Search code examples
pythonjsonlines

If statement based on value existing in jsonlines file


I have code that pulls over 400 PDFs off a website via Beautiful Soup. PyPDF2 converts the PDFs to text, which is then saved as a jsonlines file called 'output.jsonl'.

When I save new PDFs in future updates, I want PyPDF to only convert the new PDFs to text and append the jsonlines file with that new text, which is where I am struggling.

The jsonlines file looks like this:

{"id": "1234", "title": "Transcript", "url": "www.stackoverflow.com", "text": "200 pages worth of text"}
{"id": "1235", "title": "Transcript", "url": "www.stackoverflow.com", "text": "200 pages worth of text"}...

The PDFs are named "1234", "1235", etc and are saved in file_path_PDFs.
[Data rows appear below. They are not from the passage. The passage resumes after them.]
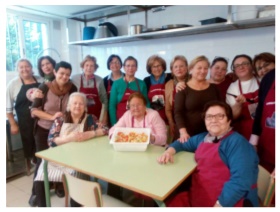 Foto de familia de participantes en taller de cocina popular de Málaga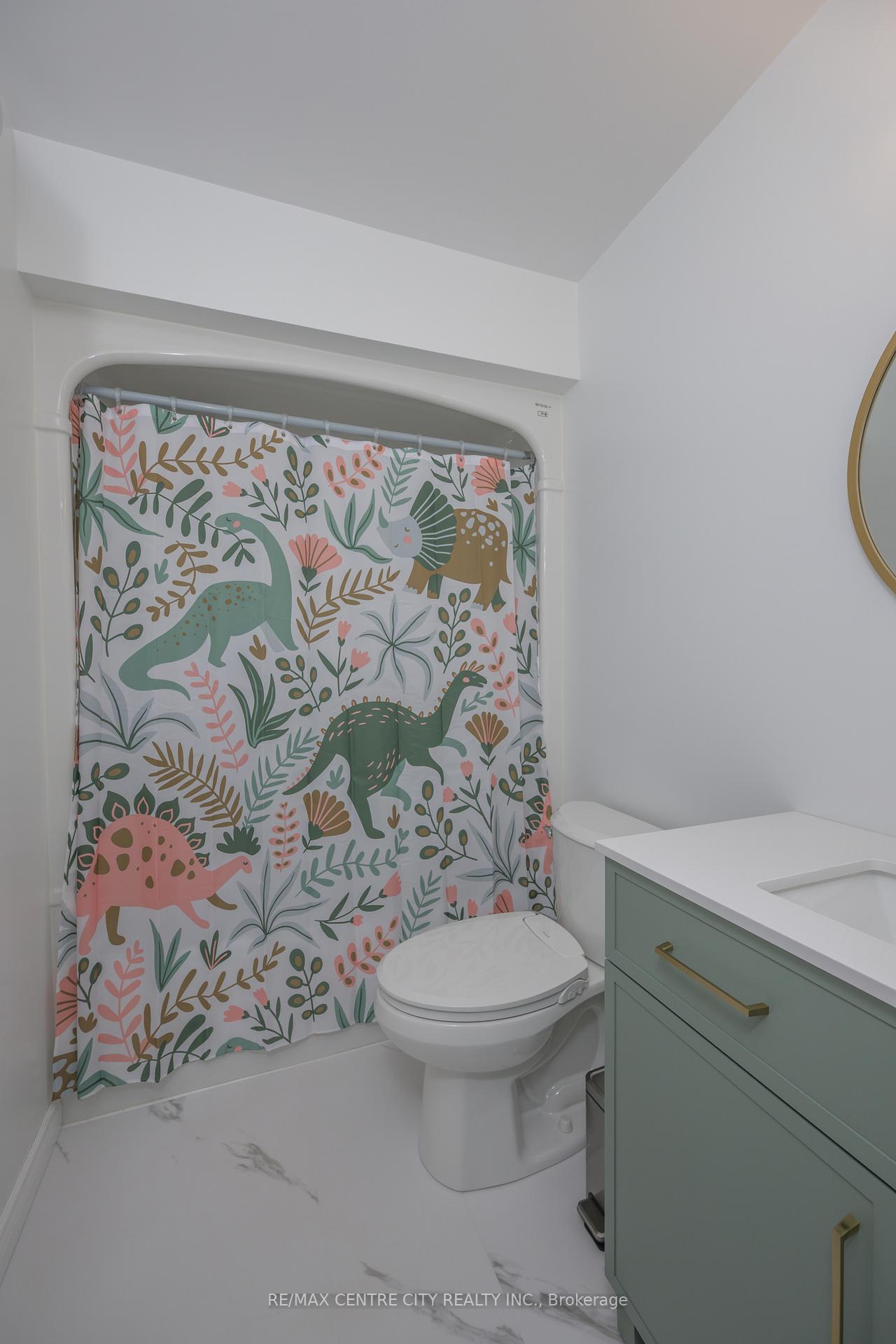 Photo 25 of 12 Pinehurst Drive, Thames Centre, Dorchester — HOMEH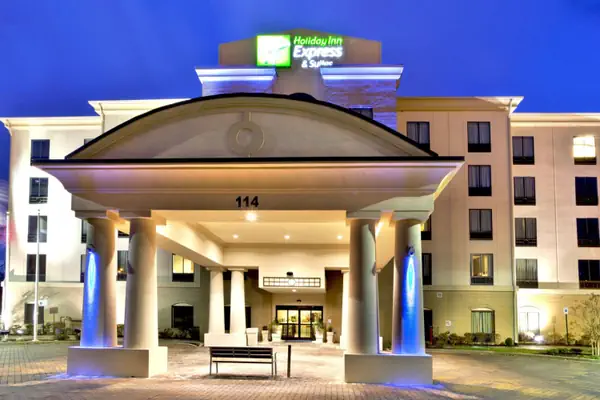 Photo 1 - Holiday Inn Express & Suites Oak Ridge, an IHG Hotel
I am trying to recognize if that "id" is a value in the jsonlines file, then there is no need for PyPDF2 to convert it to text. If it does not exist, process away as usual.

file_path_PDFs = 'C:/Users/.../PDFs/'
json_list = []

for filename in os.listdir(file_path_PDFs):   
    if os.path.exists('C:/Users/.../PDFs/output.jsonl'):
        with jsonlines.open('C:/Users/.../PDFs/output.jsonl') as reader:
            mytext = jsonlines.Reader.iter(reader)
            for obj in mytext:
                if filename[:-4] in mytext: #filename[:-4] removes .pdf from string
                    continue
                else:
                    ~convert to text~

with jsonlines.open('C:/Users/.../PDFs/output.jsonl', 'a') as writer:
    writer.write_all(json_list)

As is, I believe this code is not finding any of the values and is converting ALL the text each time I run it. Obviously this is quite a lengthy process with each document spanning 200 or 300 pages.


Solution

  • Updates:

    • Optimised to only store the id field to the DataFrame.
      • A DataFrame was kept (rather than a list) to aid in future expansion and flexibility.

    Answer:

    After working through (what I believe to be) your scenario, we have the following setup/requirements:

    • You have one jsonlines file called output.jsonl.
    • This output.jsonl file contains (n) dictionaries; one for each PDF parsed by PyPDF2.
    • We must loop through a directory of 400+ parsed PDF files and determine if that PDF's filename is in output.jsonl.

    If this is correct, let's change tack and take the following approach:

    • Create a list of PDF filenames (called pdfs).
    • Read the id field from the jsonlines file (output.jsonl) into a pandas.DataFrame (called df).
    • Loop through the pdfs list and test whether the filename (id) is in the DataFrame (df).
    • If not, add the filename to a list (called notin).
    • Do as you wish with the notin list to parse these new files into ... whatever you like.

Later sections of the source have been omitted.